My Favs from this year:

Danilo Kis
Hrabal
Vollmann
Le Guin
Wolfe
Salter

Least Favourites

In the Heart of the Country - Coetzee (Normally a big fan of his work)
The Actual - Bellow
Sense of an Ending

the most difficult book was Crash

>> No.5597762

>>5597688
Good shit. I read garbage I know is gonna be garbage all the time too, I have no idea why.

What's a good Le Carre book to start with? I was thinking of trying The Spy Who Came In from the Cold or A Perfect Spy. And I'm a big Le Guin fan (I'm >>5597385) but I haven't read Rocannon's World yet, how was that?

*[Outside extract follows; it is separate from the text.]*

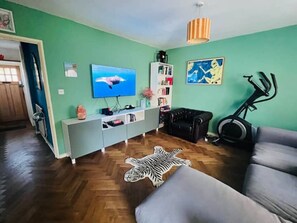 The living room offers a large corner sofa, dining table and 50 inch TV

Honestly all the lists posted so far have been pretty great. The people who actually post the books they read on /lit/ have good taste and seem reasonable...almost as if most of the shitposting comes from people who don't actually read...

>> No.5597818

>>5597695
Ficciones was okay but heavily repetitive, most of them I had already read in Labryinths and Borges doesn't do well with repeat readings. Feminism is for Everybody was really shallow, reductive and took bizarre leaps of logic (linking any form of violence, eg. child abuse to white supremacist capitalist patriarchy, her favourite overused catchphrase), the 'choice' of sexuality, and contained nothing I didn't know already; though she is the only mainstream feminist I've read who attempted to reclaim spirituality but does it in a wholly uninteresting orientalist way: wow some religions like Hinduism have female deities. Murphy was pretty atrociously written and not funny in the slightest. I watched the chess game play out and the stupidity of it mirrors the novel pretty well.

>>5597632
Roth in the intro compares it to the style of Woolf's The Waves and Faulkner's The Sound & the Fury. That's an overstatement. Herzog is pretty myopic, it tracks an intellectual as he ruminates over his life, its missteps like being cuckolded by his best friend, it flows back in time into his memories seamlessly. You might find him pretentious as a character, the half-formed letters that are peppered throughout, addressed to philosophers, thinkers and other figures are really just there as a stylistic tics. I think Bellow sidesteps this a bit by humanizing him into a pretty sentimental father who tries to find some salvation in his children, even though he's just one step from crazy.

>> No.5598045

>>5597753
>Tokyo Doesn't love us anymore

I just started this waiting for a few other books, but owned it for a while and couldn't get into it.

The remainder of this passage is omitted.